High memory consumption due to ConfigMap watches

jotak opened this issue 7 months ago · comments

Describe the bug
Before anything, note than I am not a ArgoCD user: I'm a developer of another OLM-based operator and, while investigating memory issues, out of curiosity I wanted to test a bunch of other operators to see who else was impacted by the same issue, and it seems ArgoCD operator is. I haven't done a deep investigation on argocd-operator in particular, if you think that this is a false-positive then I apologize for the inconvenience and you can close this issue.

The problem: I ran a simple test: installing a bunch of operators, monitoring memory consumption, created a dummy namespace and many configmaps in that namespace. On some operators, the memory consumption remained stable; on others like this one, it increased linearly with the created configmaps.

My assumption is that there is little chance that your operator actually needs to watch every configmaps (is it correct?). This is a quite common problem that has been documented here: https://sdk.operatorframework.io/docs/best-practices/designing-lean-operators/#overview :

"One of the pitfalls that many operators are failing into is that they watch resources with high cardinality like secrets possibly in all namespaces. This has a massive impact on the memory used by the controller on big clusters."

From my experience, with some customers this can count in gigabytes of overhead. And I would add that it's not only about memory usage, it's also stressing Kube API with a lot of traffic.

The article above suggests a remediation using cache configuration: if this would solve the problem for you, that's great! In case it doesn't, you might want to chime in here: kubernetes-sigs/controller-runtime#2570 . I'm proposing to add to controller-runtime more possibilities regarding cache management, but for that I would like to probe a bit the different use cases among OLM users, in order to understand if the solution that I'm suggesting would help others or not. I guess the goal is to find a solution that suits for the most of us, rather than each implementing its own custom cache management.

To Reproduce

Install the operator
Watch memory used
kubectl create namespace test
for i in {1..500}; do kubectl create cm test-cm-$i -n test --from-file=<INSERT BIG FILE HERE> ; done

Expected behavior

The memory should remain quite stable, but it increases for every configmap created.

Screenshots

Cheng Fang · Answer 1 · Tue Nov 07 2023 06:32:38 GMT+0800 (China Standard Time)

@jotak thanks for reporting it. Will evaluate it.

Cheng Fang · Answer 2 · Mon Nov 13 2023 22:43:14 GMT+0800 (China Standard Time)

This issue will be tracked in https://issues.redhat.com/browse/GITOPS-3602

Chetan Banavikalmutt · Answer 3 · Wed Jan 10 2024 21:04:58 GMT+0800 (China Standard Time)

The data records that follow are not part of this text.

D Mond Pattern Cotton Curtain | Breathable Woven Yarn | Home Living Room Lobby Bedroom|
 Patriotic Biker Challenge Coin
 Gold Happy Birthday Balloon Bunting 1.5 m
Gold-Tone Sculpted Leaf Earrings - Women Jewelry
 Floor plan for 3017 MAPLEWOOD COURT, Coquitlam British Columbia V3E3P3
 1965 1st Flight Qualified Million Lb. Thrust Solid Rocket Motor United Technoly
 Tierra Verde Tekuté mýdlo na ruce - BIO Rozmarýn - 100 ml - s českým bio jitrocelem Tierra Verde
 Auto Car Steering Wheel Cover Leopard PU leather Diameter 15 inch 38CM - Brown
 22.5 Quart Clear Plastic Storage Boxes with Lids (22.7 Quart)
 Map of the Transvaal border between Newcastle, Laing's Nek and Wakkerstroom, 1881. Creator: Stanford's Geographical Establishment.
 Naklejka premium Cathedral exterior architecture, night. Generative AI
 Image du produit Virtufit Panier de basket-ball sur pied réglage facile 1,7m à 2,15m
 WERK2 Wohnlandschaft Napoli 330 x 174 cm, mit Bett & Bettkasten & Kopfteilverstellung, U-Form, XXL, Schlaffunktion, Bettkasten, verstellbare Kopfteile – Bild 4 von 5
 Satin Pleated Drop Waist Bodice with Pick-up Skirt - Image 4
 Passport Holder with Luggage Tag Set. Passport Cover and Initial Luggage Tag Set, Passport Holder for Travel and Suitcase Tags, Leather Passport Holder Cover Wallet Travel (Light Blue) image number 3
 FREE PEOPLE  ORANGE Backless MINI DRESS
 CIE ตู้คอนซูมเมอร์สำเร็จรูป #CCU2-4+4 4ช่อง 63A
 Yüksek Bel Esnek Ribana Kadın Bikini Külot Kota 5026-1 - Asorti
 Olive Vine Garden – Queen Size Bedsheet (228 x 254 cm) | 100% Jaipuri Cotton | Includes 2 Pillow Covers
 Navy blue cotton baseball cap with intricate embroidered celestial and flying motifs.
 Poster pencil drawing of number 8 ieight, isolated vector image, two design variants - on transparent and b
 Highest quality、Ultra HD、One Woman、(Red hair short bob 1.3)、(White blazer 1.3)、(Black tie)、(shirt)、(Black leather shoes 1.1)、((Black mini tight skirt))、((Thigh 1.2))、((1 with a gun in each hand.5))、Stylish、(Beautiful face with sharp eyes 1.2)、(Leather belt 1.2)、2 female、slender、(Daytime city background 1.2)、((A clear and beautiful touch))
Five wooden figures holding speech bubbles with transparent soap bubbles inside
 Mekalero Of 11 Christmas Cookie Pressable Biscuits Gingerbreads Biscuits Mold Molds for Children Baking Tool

@jotak I couldn't reproduce this issue. I followed the steps by running the operator locally using an OpenShift cluster and created close to 500 configmaps in a test namespace. The memory slightly increased initially(although negligible) but became stable soon. Just to be sure I also tried repeating the steps in an argocd namespace where the instance is running but got the same results. I wonder if there was something else that caused the memory to linearly increase in your case. Can you please share the operator and K8s version that was used for testing?

I investigated the code to check how the operator watches the configmaps. AFAIK it watches the configmaps in two cases:

If the configmap is owned by the operand. For example: Argo CD workload configmaps.
Configmaps that are used for Appset GitLab TLS. with a specific name.

Except for the above cases, the operator shouldn't watch configmaps in all namespaces. @chengfang @jaideepr97 Please feel free to correct me.

Joel Takvorian · Answer 4 · Wed Jan 10 2024 22:00:26 GMT+0800 (China Standard Time)

@chetan-rns I think this commit has fixed the issue: c8e4909#diff-2873f79a86c0d8b3335cd7731b0ecf7dd4301eb19a82ef7a1cba7589b5252261R264-R284
It was probably not there when I first tried.

PS: I confirm I don't reproduce the issue today